If I were to make an animation of this, I could not make what I see. I could not show the birds flying in their lines and then just disappearing in front of the tree. The settle so fast into and among the leaves -- where they are then invisible -- that it looks as though they have been erased from where they were. Imagine you were watching someone walking down a busy city street and of course without any thinking you are attaching to him his predictable trajectory based on how he moves and you have all these unaware expectations of where he will be as the seconds build and then even while he is swinging his arms and legs he vanishes so fast you can't see the vanishing, a cut not a dissolve. This was how it was with the birds.

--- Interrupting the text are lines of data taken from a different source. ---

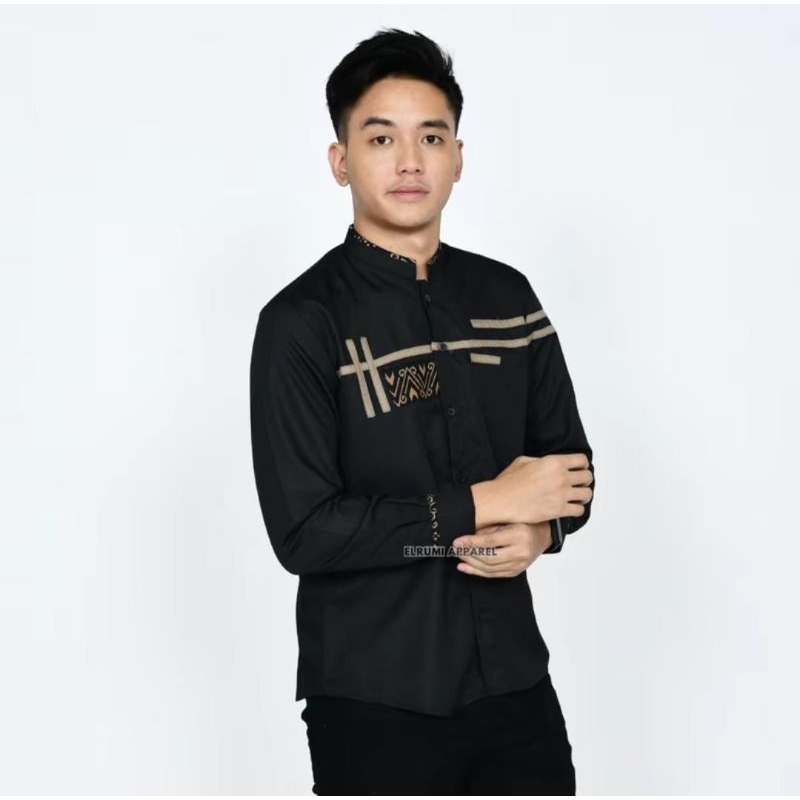 Baju Koko Elrumi Motif Zolid Batik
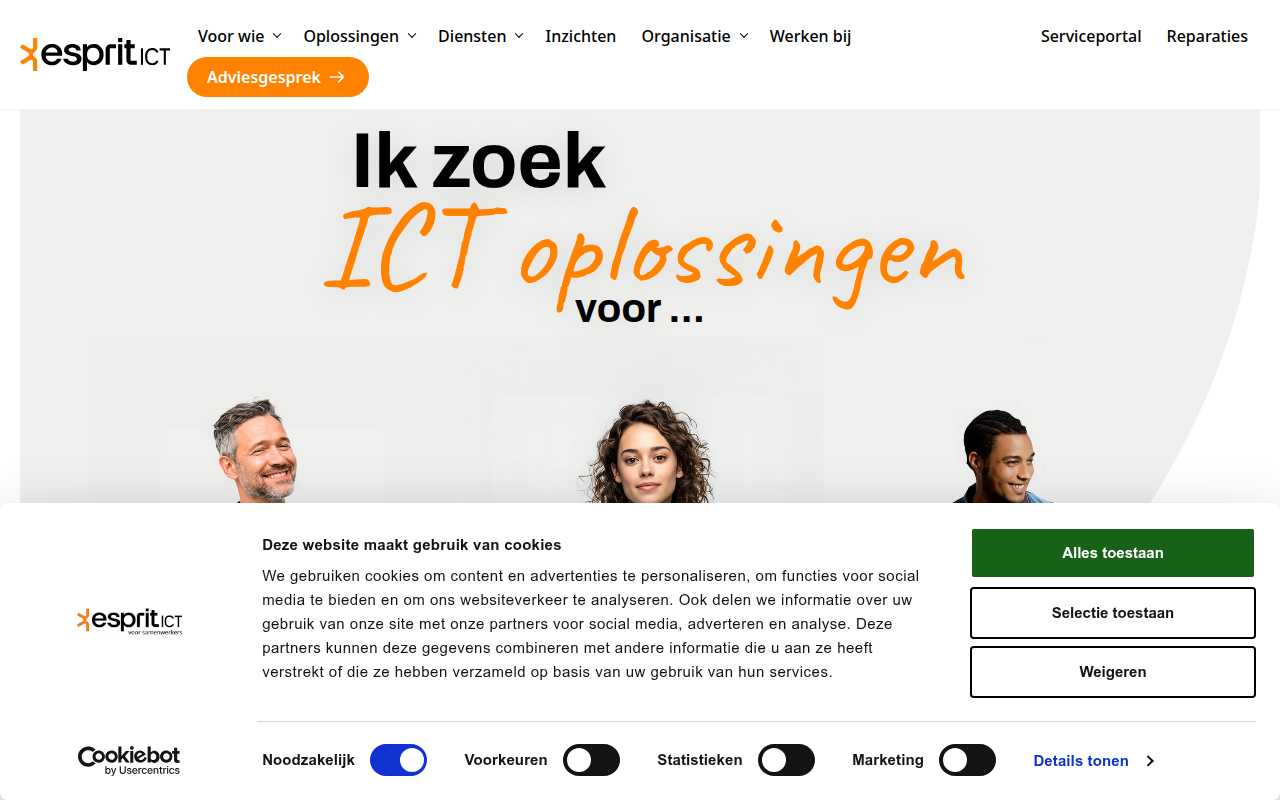 Screenshot van esprit-ict.nl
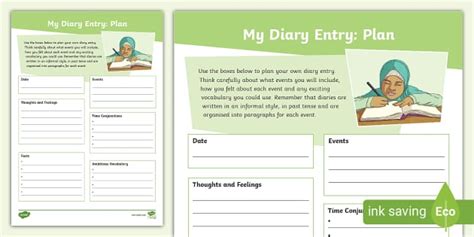 My Diary Entry Planning Template Teacher Made Twinkl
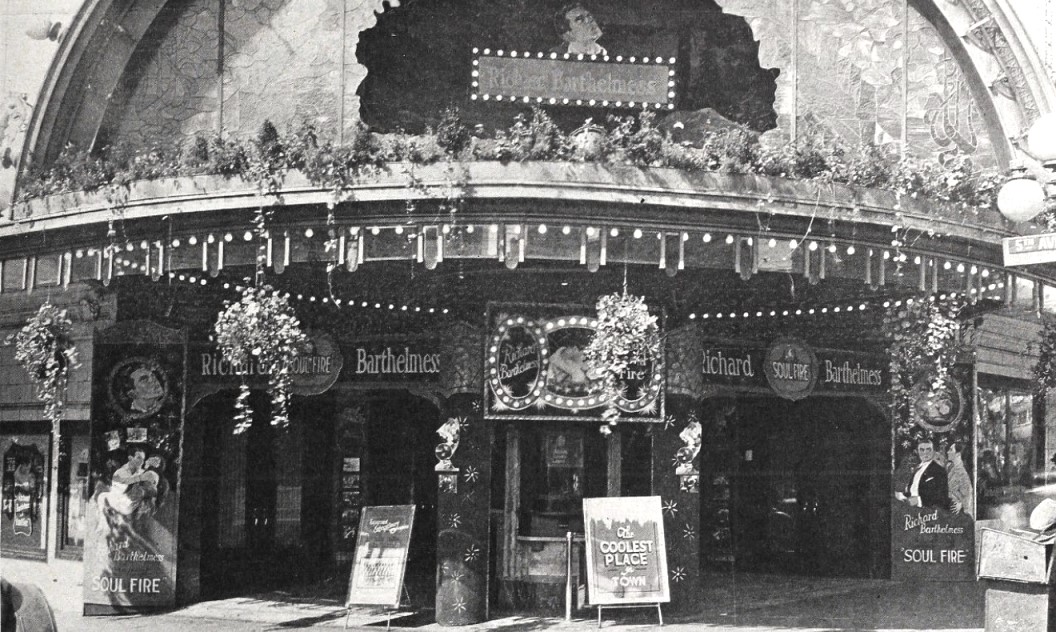 Coliseum Theatre in Seattle lobby display for "Soul Fire, " 1925. (Exhibitors Herald, 22 August 1925, Page 47)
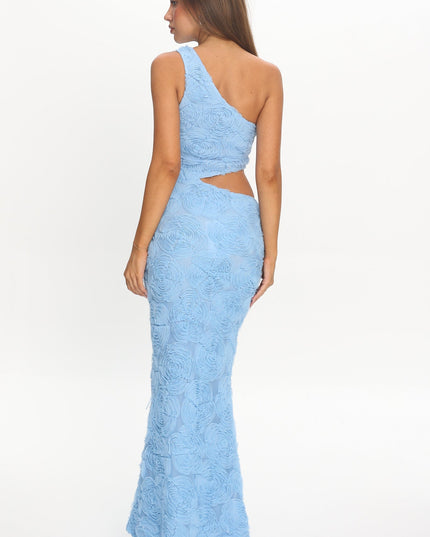 Blue Sweetheart Cut-Out Maxi Dress Embellished
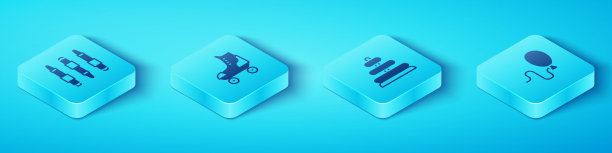 设置等距标记笔，溜冰鞋，气球和金字塔玩具图标。向量图片下载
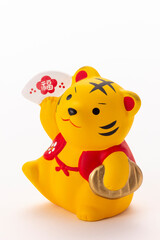 寅年の年賀素材、鼓舞する虎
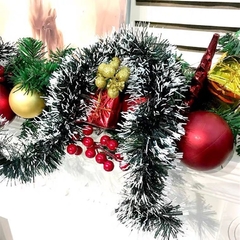 Festão Luxo 11cm Verde Natal ponta nevada 2mt para decoração - comprar online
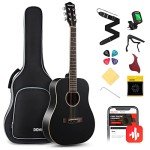 Donner 36'' Black Acoustic Guitar Starter Bundle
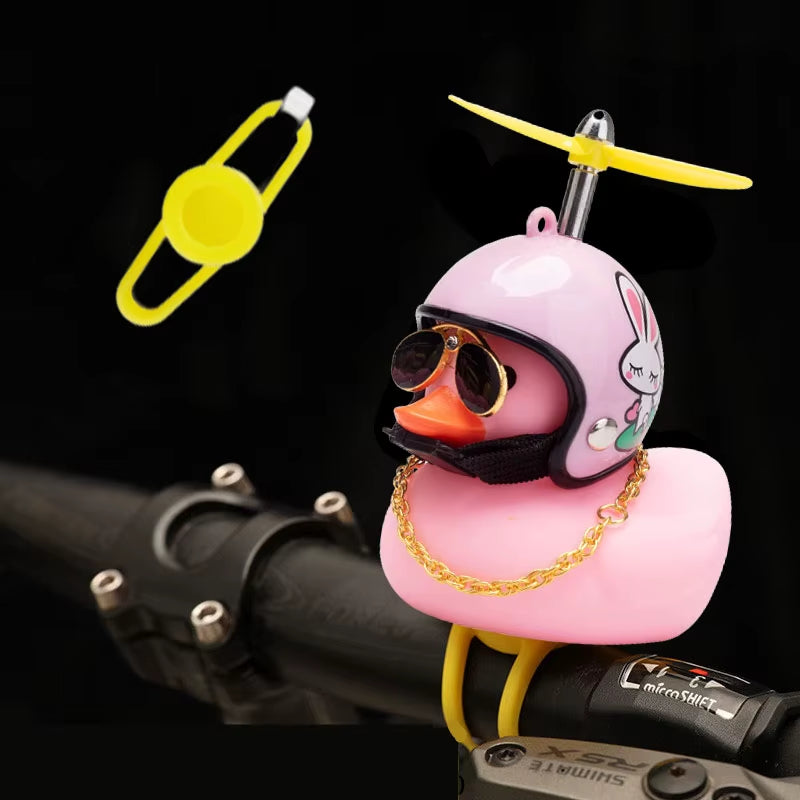 Bicycle Small Yellow Bike Duck Bicycle Bell Yellow Airscrew Helmet Duck Ducky Bike Wind Motorcycle Riding Cycling Accessories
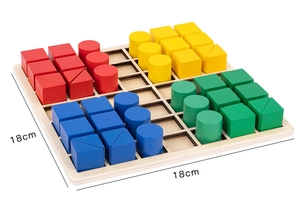 Macro detail of wooden Montessori puzzle blocks with 18cm base in vibrant colors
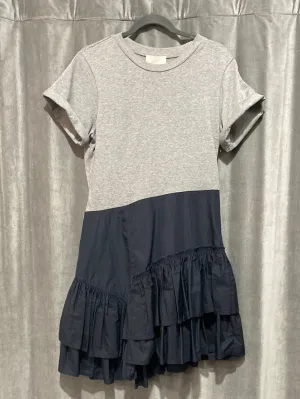 Phillip Lim Grey Cotton 'FLAMENCO' T Shirt Dress with Navy Ruffle Flare Bottom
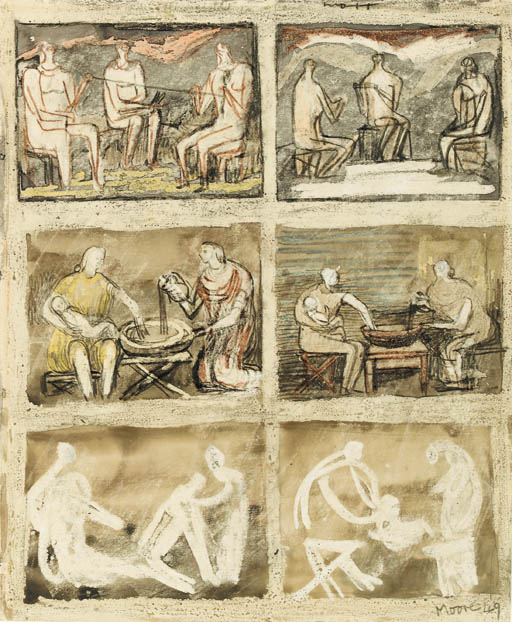 Figure Studies (recto); Nine Heads (verso)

But you couldn't animate them this way. Even though this is how I see them, really, vanishing into the trees, this would (like the man walking down the street to vanish) violate my sense of how the world is supposed to work for me, the human. My eyes are supposed to be fast enough to see it all. There are not supposed to be things I cannot see. So in an animation those birds would have to visibly stretch out their little talons as they approached their landing spot, and they would settle onto their branches in open spaces where I could see them doing what I know birds are supposed to do.
I would therefore not be distracted from whatever the storyline is by having in front of my face evidence that possibly things happen in dimensions for which my physiology is not the right size.